- **TASK DIRECTIONS**
Transcribe the entries below word for word, beginning at the line with "Antique ballet Scala" and stopping after the line with "Mapa climático de Argentina."; drop all pictures.

- **DATASET RECORDS**
^^^^^^^^

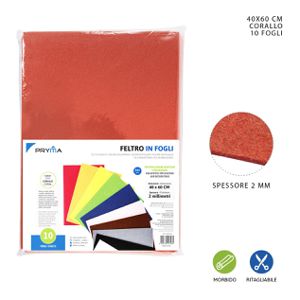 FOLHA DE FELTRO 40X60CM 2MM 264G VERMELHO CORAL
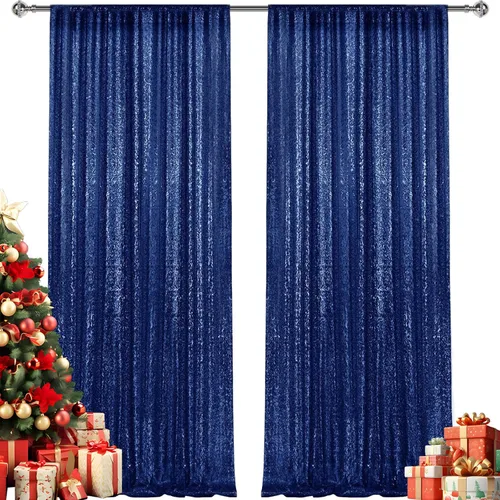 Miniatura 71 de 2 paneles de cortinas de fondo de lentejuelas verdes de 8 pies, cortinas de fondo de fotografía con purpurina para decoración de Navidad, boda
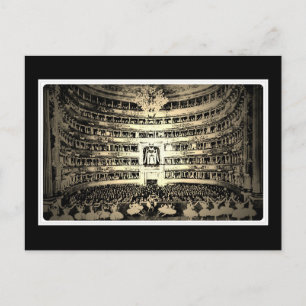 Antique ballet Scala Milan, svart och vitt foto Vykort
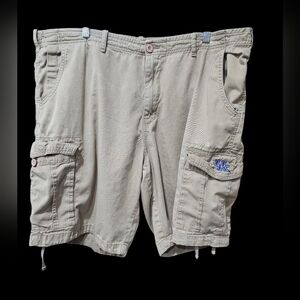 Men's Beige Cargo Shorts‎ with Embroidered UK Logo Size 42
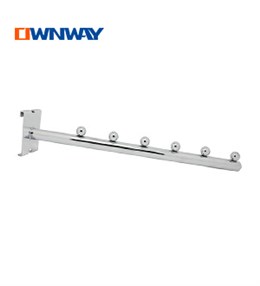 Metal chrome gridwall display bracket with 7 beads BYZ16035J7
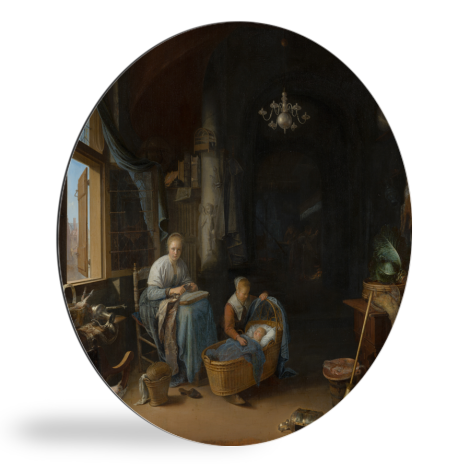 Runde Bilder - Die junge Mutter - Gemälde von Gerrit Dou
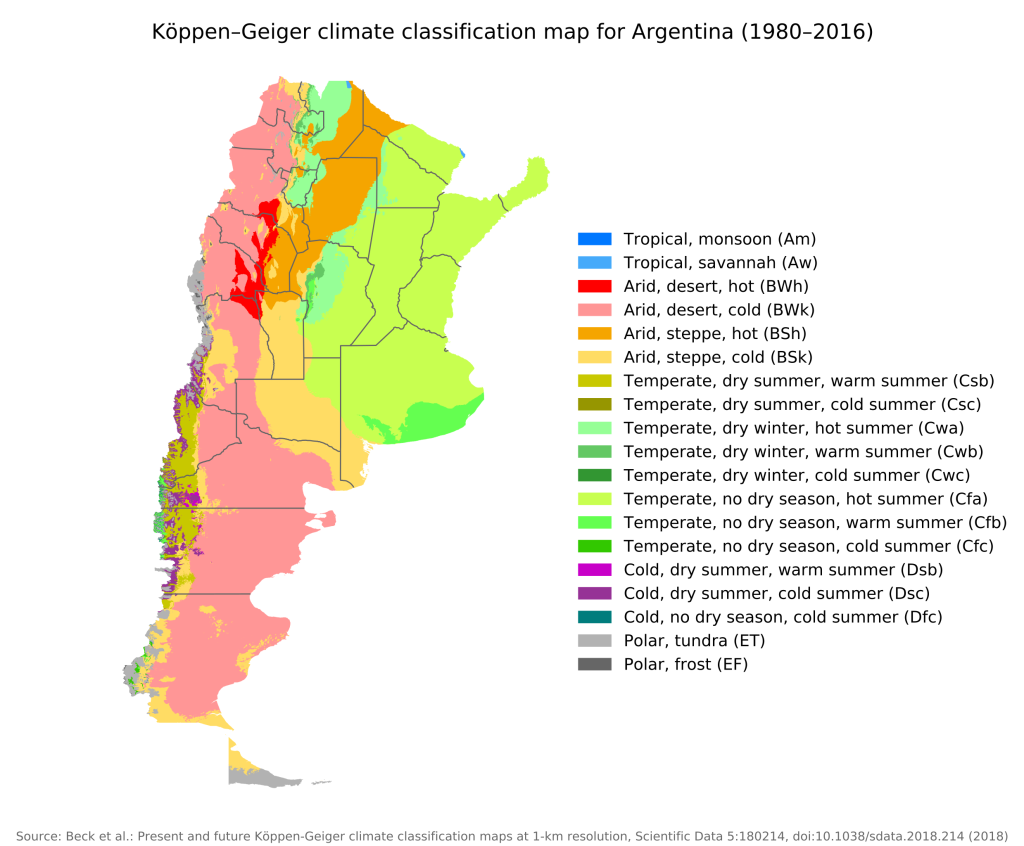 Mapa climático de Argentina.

^^^^^^^^

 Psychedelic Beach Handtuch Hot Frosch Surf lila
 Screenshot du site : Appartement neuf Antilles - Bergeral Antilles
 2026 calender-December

^^^^^^^^

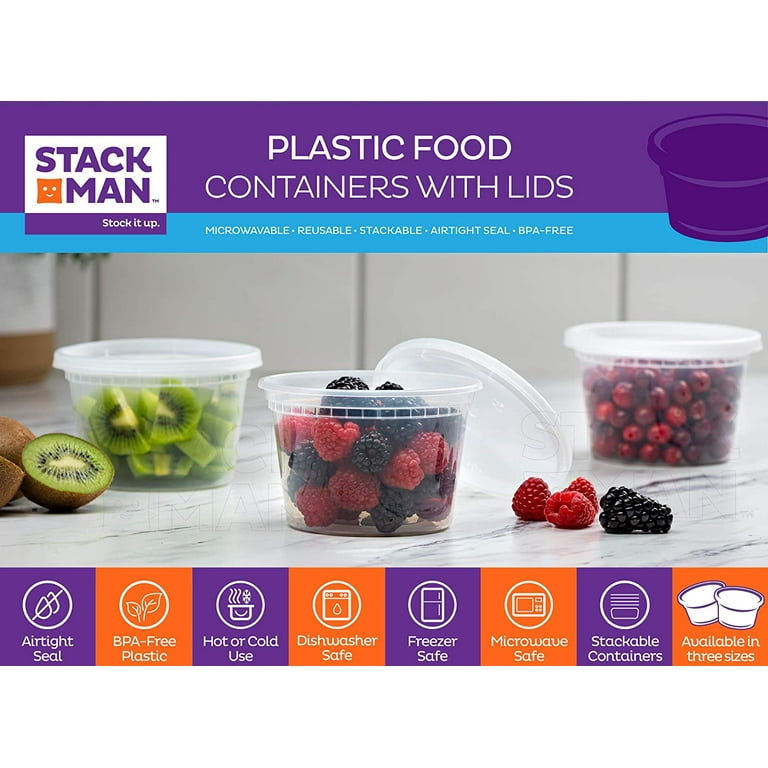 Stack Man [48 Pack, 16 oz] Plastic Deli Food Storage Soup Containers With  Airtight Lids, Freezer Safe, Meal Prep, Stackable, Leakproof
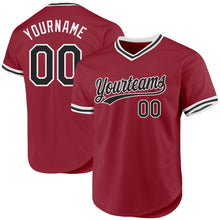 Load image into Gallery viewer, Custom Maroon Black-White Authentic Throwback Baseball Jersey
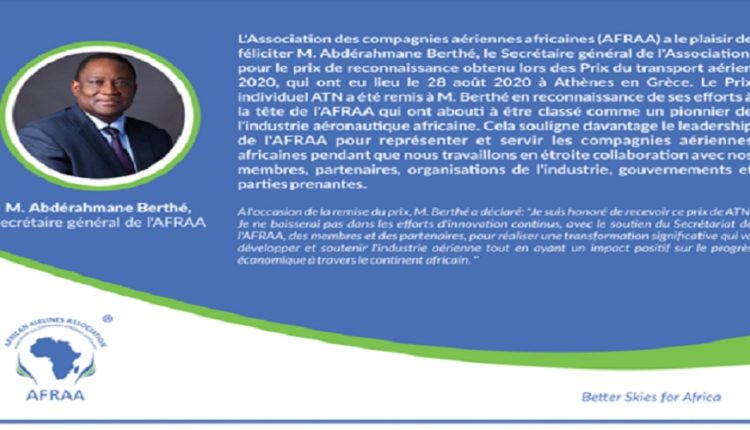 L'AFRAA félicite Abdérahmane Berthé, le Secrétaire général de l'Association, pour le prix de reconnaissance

^^^^^^^^

- **REPLY**
 Antique ballet Scala Milan, svart och vitt foto Vykort
 Men's Beige Cargo Shorts‎ with Embroidered UK Logo Size 42
 Metal chrome gridwall display bracket with 7 beads BYZ16035J7
 Runde Bilder - Die junge Mutter - Gemälde von Gerrit Dou
 Mapa climático de Argentina.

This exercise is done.